Certamente que a meditação não era coisa estranha aos autores das Escrituras.

“Saíra Isaque a meditar no campo, ao cair da tarde” (Gênesis 24.63).

“No meu leito, quando de ti me recordo, e em ti medito, durante a vigília da noite” (Salmo 63.6).

Essas eram pessoas chegadas ao coração de Deus. Deus lhes falava, não porque elas tivessem capacidades especiais, mas porque estavam dispostas a ouvir. Os Salmos, praticamente, cantam das meditações do povo de Deus sobre a lei do Senhor: “Os meus olhos antecipam as vigílias noturnas, para que eu medite nas tuas palavras” (Salmo 119.148). O salmo introdutório do Saltério inteiro chama o povo todo a imitar o homem “bem-aventurado”, cujo “prazer está na lei do Senhor, e na sua lei medita de dia e de noite” (Salmo 1.2).

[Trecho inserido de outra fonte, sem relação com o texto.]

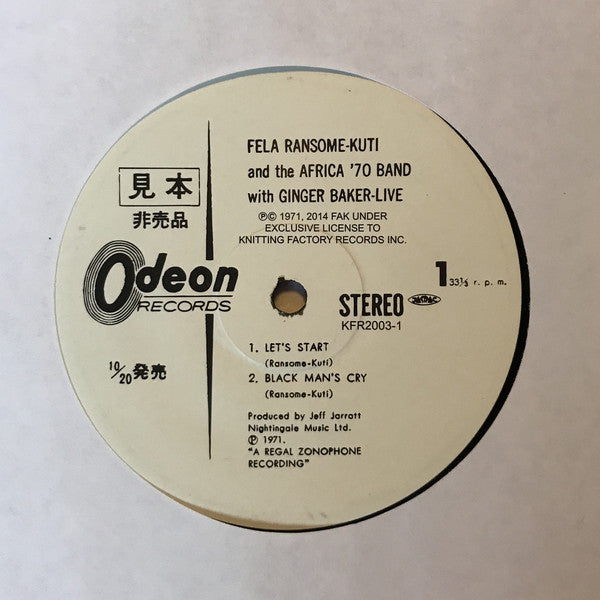 Fela Ransome-Kuti* And The Africa'70* With Ginger Baker : Live! (LP, Album, RE)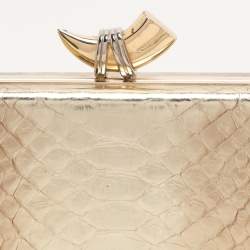 Pre Owned Roberto Cavalli Gold Python Embossed Leather Box Chain Clutch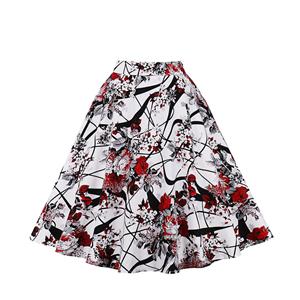 Fashion Ink Plum Blossom Printed Cotton High Waist A-line Ruffle Hem Skirt N23152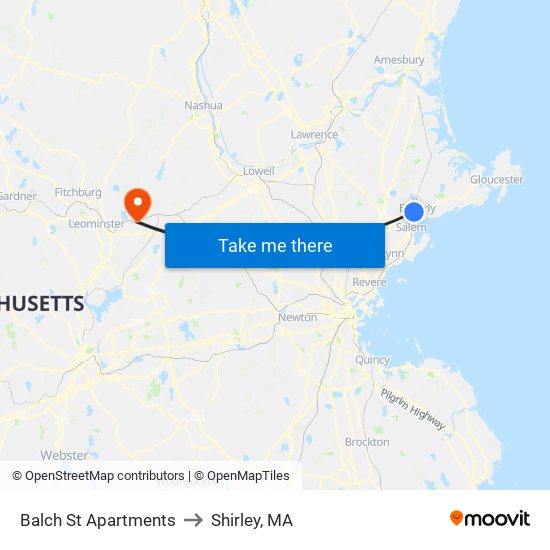 Balch St Apartments to Shirley, MA map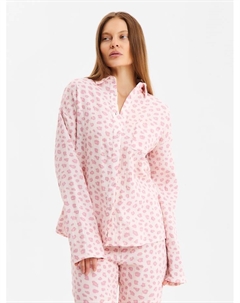 Пижама женская (рубашка, брюки) «Муслин: pink leopard», размер 52-54 Kaftan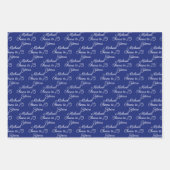 75 jaar Marine Blue 75th Inpakpapier Vel (Voorkant 3)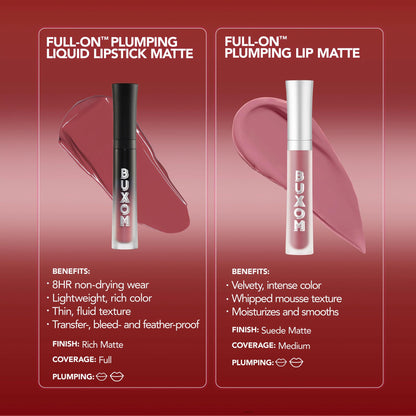 BUXOM Full-On Plumping Liquid Matte Lipstick – Comin' Up Roses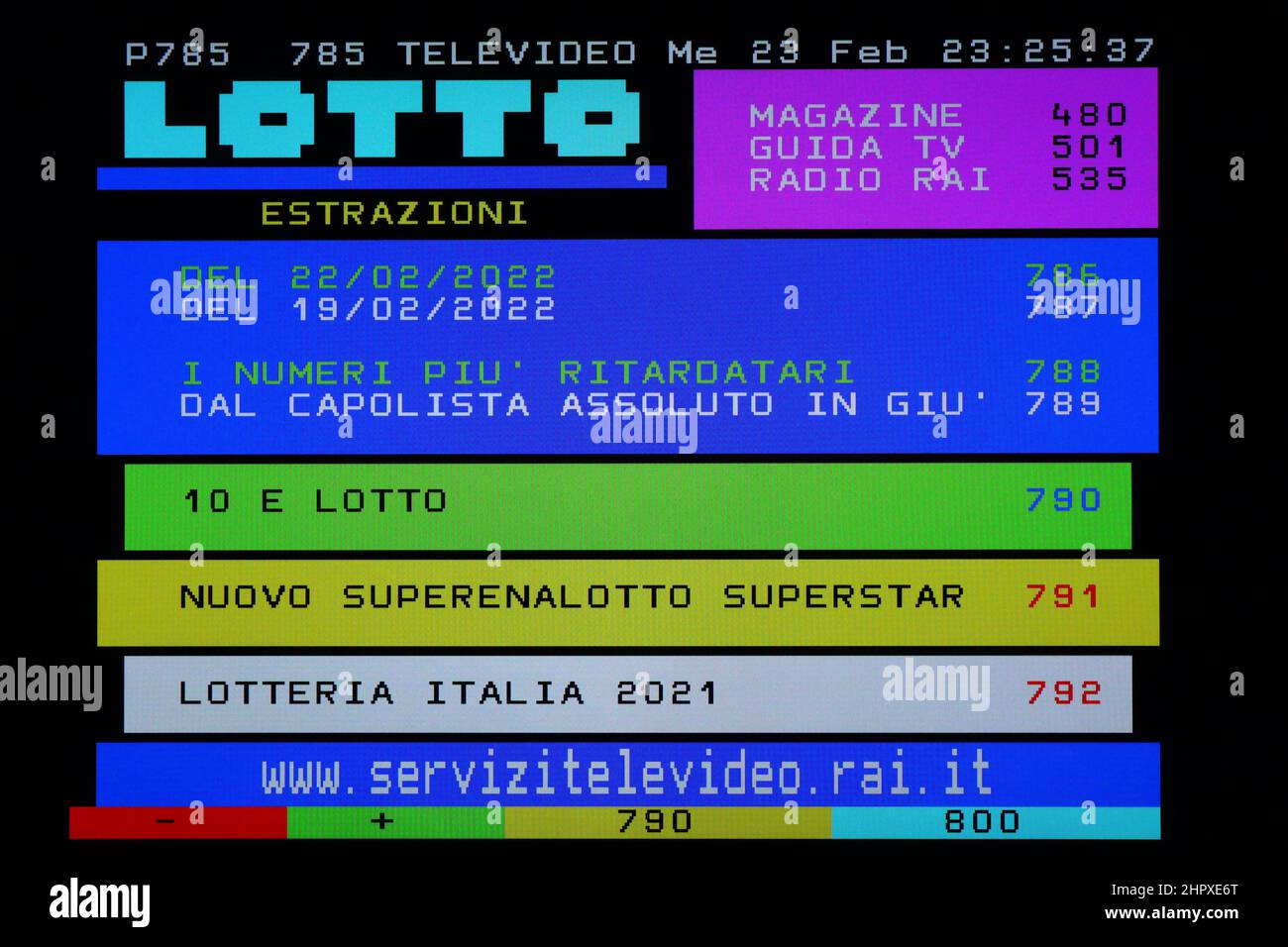 Affichage TÉLÉTEXTE d'une page Televideo RAI, émission publique italienne. Photo originale avec écran graphique simple d'une couleur de téléviseur vintage Banque D'Images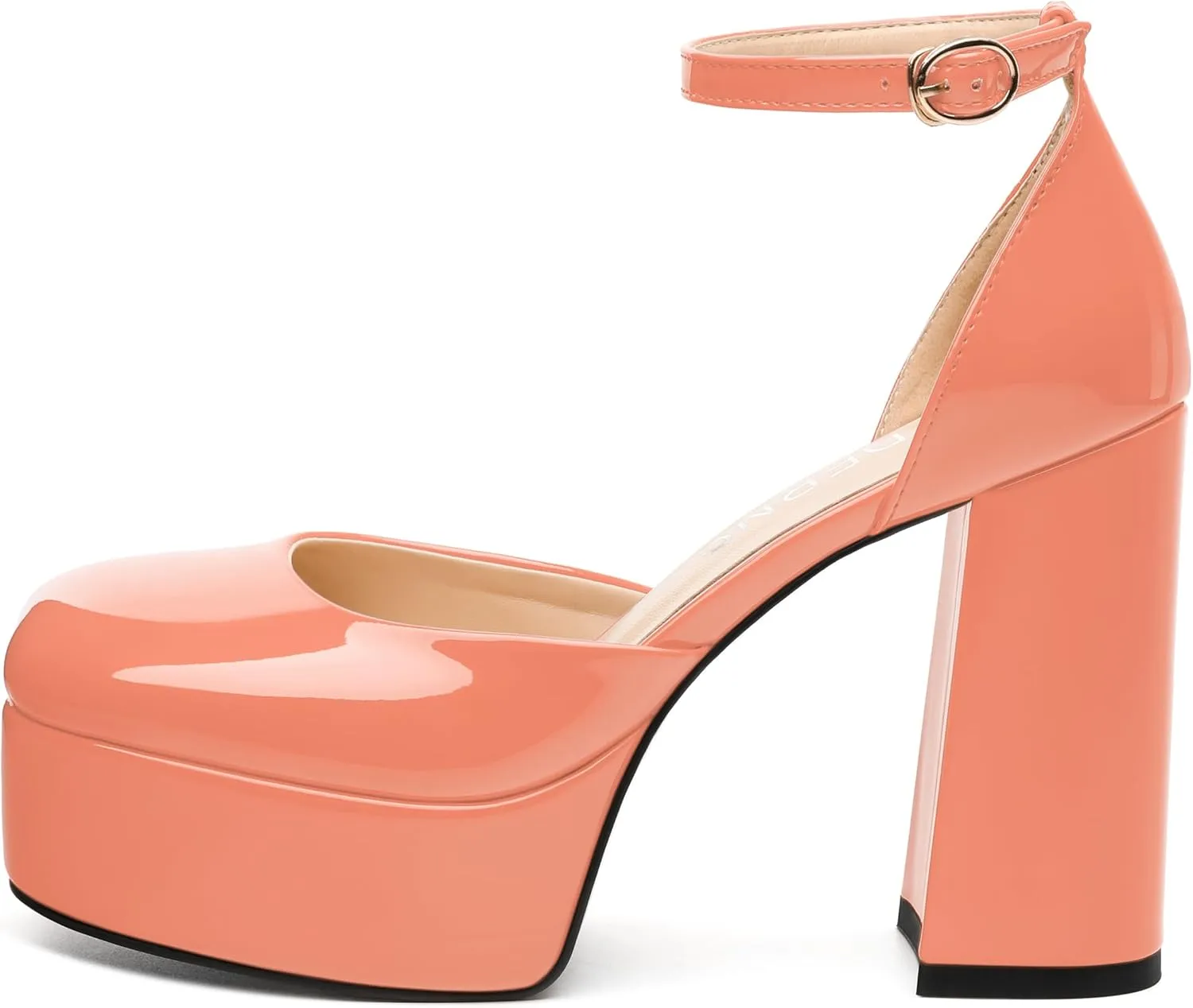 WAYDERNS Platform Heels for Women Block High Heel Closed Square Toe Ankle Strap 4.3 Inch Pumps Fashion Party Dress Shoes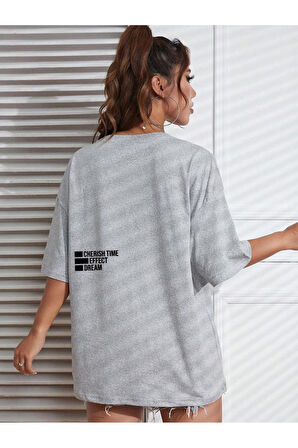 Cherish Time T-Shirt - Siyah Baskılı Oversize Bisiklet Yaka Kısa Kol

Os escritores cristãos através dos séculos têm falado de um modo de ouvir a Deus, de comunicar-se com o Criador do céu e da terra, de experimentar o Amado Eterno do mundo. Pensadores tão excelentes como Agostinho, Francisco de Assis, François Fénelon, Madame Guyon, Bernardo de Clairvaux, Francisco de Sales, Juliana de Norwich, Irmão Lawrence, George Fox, John Woolman, Evelyn Underhill, Thomas Merton, Frank Laubach, Thomas Kelly e muitos outros falam deste caminho mais excelente.

A Bíblia diz que João, ao receber sua visão apocalíptica (Apocalipse 1.10), encontrava-se “em espírito, no dia do Senhor”. Dar-se-ia o caso de João ser treinado numa forma de ouvir e ver, da qual nos temos esquecido? R. D. Laing escreve: “Vivemos em um mundo secular. ... Há uma profecia no livro de Amós, de um época futura e que haverá fome na terra, 'não de pão, nem sede de água, mas de ouvir as palavras do Senhor'. Esse tempo chegou. É a época presente.”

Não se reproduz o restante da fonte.